» **WHAT THE TASK REQUIRES**: Run through the records and show each line that includes the string "Apartment".

Entries taken from a collection:
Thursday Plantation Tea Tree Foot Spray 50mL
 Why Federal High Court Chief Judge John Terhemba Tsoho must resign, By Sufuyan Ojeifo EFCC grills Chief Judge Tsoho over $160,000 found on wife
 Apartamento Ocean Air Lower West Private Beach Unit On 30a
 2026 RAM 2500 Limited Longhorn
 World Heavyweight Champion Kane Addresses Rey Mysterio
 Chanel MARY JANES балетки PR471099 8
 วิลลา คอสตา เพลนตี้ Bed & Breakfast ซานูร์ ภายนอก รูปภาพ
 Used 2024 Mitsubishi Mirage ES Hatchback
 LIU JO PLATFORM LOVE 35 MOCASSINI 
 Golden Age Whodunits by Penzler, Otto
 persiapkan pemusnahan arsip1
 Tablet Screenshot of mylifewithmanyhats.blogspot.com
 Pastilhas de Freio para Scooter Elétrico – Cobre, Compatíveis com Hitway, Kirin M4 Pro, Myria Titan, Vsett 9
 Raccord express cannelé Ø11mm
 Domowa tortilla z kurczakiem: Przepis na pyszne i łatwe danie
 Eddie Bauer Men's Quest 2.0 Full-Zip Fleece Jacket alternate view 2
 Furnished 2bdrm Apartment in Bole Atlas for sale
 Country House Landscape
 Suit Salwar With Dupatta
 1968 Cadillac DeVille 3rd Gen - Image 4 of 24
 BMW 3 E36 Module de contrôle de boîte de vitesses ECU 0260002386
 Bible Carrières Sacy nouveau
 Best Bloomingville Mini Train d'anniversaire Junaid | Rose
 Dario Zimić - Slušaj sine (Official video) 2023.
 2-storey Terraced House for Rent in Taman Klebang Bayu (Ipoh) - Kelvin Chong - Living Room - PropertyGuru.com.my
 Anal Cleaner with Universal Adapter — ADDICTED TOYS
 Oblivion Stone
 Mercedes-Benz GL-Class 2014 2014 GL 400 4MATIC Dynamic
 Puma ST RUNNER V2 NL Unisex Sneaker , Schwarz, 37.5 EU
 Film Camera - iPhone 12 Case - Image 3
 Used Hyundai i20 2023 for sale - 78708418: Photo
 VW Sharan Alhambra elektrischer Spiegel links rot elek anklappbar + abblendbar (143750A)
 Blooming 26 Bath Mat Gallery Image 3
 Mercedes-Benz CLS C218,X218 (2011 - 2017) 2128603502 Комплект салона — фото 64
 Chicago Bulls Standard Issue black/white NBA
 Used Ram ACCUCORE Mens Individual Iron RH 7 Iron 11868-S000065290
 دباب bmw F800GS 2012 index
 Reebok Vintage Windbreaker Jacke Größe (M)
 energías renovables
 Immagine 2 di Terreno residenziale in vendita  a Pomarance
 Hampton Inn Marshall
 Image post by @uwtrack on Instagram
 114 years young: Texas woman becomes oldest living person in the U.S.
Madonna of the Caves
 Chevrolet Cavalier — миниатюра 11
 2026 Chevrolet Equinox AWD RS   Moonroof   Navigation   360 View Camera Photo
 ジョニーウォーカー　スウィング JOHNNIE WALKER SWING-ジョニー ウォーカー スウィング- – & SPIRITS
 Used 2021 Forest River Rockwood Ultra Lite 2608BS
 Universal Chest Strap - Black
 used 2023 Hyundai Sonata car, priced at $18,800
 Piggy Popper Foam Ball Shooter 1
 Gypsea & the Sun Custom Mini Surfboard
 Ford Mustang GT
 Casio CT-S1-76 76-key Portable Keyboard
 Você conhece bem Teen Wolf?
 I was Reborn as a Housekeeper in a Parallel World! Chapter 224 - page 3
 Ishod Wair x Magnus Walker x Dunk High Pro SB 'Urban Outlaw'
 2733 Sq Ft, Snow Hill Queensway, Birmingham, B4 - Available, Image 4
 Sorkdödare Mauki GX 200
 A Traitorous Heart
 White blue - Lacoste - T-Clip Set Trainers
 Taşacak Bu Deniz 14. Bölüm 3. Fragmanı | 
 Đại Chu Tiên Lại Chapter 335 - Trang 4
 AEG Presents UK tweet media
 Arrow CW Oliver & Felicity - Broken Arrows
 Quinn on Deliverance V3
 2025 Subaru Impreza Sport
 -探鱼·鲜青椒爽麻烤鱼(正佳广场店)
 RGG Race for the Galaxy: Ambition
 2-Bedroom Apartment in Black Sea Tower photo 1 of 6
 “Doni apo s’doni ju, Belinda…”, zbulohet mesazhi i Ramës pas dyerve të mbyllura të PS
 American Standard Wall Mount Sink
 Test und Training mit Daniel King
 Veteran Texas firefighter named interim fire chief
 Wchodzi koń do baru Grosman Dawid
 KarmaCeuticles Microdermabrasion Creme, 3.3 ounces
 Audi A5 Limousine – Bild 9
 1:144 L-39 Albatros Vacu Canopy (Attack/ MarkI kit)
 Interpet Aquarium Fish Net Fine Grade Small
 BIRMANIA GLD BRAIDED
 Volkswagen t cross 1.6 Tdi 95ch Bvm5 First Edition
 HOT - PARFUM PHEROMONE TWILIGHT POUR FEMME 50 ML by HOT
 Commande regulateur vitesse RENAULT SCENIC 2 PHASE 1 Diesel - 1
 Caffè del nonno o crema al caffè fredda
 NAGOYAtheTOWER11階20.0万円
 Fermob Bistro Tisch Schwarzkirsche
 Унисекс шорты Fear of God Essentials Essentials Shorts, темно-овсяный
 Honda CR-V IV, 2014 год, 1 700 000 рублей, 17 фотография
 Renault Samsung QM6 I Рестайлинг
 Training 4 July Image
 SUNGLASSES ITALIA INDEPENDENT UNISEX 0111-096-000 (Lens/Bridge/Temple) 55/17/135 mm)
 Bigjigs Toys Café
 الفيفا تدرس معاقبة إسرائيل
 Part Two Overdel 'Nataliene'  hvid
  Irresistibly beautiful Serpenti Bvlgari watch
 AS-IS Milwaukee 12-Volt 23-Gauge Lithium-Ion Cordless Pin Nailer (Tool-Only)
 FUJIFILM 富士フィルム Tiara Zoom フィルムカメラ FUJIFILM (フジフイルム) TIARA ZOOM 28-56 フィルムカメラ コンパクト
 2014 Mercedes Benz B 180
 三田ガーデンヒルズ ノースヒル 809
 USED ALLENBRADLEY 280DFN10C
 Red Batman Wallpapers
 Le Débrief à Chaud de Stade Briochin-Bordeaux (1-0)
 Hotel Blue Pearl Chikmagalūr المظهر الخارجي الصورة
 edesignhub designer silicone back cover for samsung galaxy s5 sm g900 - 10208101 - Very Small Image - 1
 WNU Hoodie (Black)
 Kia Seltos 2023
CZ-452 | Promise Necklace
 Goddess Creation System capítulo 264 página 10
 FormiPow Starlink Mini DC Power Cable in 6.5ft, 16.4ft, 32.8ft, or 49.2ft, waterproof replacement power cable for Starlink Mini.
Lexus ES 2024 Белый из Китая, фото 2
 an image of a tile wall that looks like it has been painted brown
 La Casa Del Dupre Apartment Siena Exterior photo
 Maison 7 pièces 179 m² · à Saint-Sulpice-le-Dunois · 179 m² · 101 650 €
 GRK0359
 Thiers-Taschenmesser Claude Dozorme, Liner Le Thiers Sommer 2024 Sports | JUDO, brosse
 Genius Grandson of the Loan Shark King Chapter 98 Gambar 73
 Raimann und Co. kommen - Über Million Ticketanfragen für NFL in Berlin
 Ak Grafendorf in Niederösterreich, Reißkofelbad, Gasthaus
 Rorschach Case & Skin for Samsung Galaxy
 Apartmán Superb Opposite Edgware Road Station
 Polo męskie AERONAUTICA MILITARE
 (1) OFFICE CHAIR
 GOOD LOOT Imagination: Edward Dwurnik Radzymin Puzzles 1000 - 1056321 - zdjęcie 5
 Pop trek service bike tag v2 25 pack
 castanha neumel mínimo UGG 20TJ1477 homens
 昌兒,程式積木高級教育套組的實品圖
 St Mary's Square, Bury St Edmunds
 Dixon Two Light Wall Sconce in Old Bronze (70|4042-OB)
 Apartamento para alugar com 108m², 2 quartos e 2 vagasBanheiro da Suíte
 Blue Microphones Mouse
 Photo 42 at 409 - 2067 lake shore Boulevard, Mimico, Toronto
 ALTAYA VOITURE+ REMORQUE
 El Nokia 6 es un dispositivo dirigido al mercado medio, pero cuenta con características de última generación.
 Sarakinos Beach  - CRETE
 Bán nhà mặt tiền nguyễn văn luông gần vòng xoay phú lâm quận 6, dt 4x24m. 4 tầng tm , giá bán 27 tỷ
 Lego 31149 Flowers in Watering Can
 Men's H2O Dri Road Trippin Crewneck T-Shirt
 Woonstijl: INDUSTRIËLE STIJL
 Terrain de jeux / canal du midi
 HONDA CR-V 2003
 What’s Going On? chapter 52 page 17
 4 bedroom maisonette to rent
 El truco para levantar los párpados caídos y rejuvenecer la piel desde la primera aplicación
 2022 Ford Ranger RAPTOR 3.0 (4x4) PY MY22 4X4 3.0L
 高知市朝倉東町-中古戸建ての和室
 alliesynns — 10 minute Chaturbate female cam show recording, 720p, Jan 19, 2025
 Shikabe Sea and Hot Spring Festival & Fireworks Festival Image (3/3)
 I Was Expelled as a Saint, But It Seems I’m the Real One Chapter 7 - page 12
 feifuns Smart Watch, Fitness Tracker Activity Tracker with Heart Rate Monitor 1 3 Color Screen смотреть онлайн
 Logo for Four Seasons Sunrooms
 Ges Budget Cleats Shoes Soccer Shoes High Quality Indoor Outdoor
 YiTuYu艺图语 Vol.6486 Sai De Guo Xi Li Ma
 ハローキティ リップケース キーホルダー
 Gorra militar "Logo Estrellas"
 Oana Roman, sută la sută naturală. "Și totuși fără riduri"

» **ANSWER SPACE**:
 Furnished 2bdrm Apartment in Bole Atlas for sale
 2-Bedroom Apartment in Black Sea Tower photo 1 of 6
 La Casa Del Dupre Apartment Siena Exterior photo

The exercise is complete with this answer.